-- Aim of the exercise --
Go through the listing below, and from the line containing "Once your virtual" through its last line, transcribe every line exactly, skipping pictures.

-- Record set --
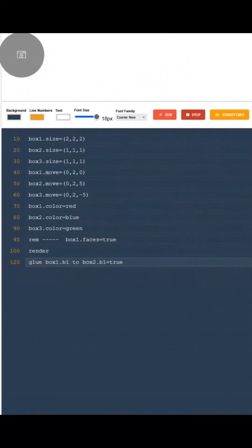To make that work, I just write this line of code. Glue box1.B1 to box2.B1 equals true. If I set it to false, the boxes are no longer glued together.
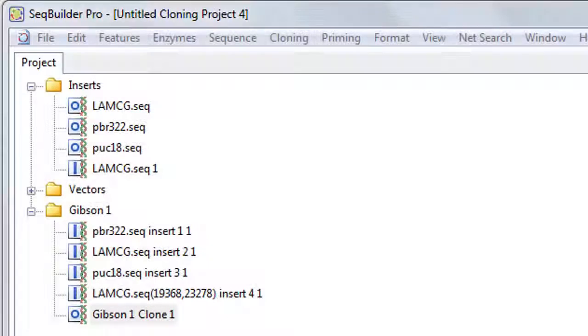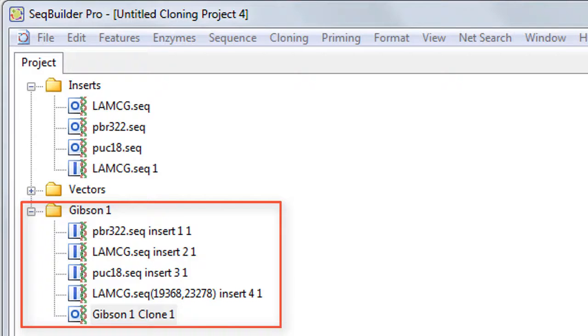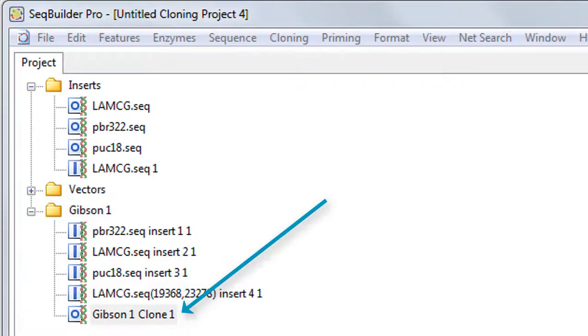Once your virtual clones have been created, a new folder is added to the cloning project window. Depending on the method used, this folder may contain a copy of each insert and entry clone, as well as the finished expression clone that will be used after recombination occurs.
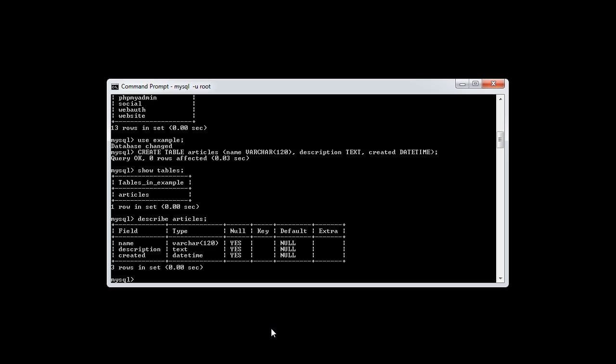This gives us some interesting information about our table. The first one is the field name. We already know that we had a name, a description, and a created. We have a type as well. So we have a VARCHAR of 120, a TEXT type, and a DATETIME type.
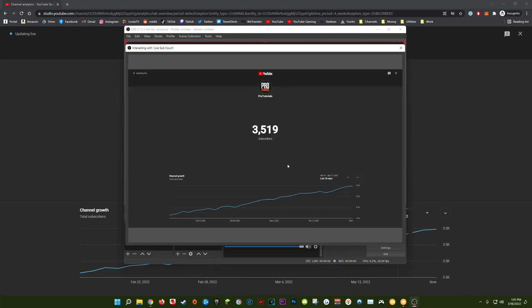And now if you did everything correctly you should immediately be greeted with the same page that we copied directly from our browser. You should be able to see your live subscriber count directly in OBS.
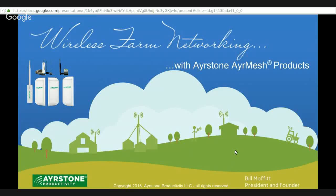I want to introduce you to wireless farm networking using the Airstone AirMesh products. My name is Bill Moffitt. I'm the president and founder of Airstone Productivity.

-- Written solution --
Once your virtual clones have been created, a new folder is added to the cloning project window. Depending on the method used, this folder may contain a copy of each insert and entry clone, as well as the finished expression clone that will be used after recombination occurs.
This gives us some interesting information about our table. The first one is the field name. We already know that we had a name, a description, and a created. We have a type as well. So we have a VARCHAR of 120, a TEXT type, and a DATETIME type.
And now if you did everything correctly you should immediately be greeted with the same page that we copied directly from our browser. You should be able to see your live subscriber count directly in OBS.
I want to introduce you to wireless farm networking using the Airstone AirMesh products. My name is Bill Moffitt. I'm the president and founder of Airstone Productivity.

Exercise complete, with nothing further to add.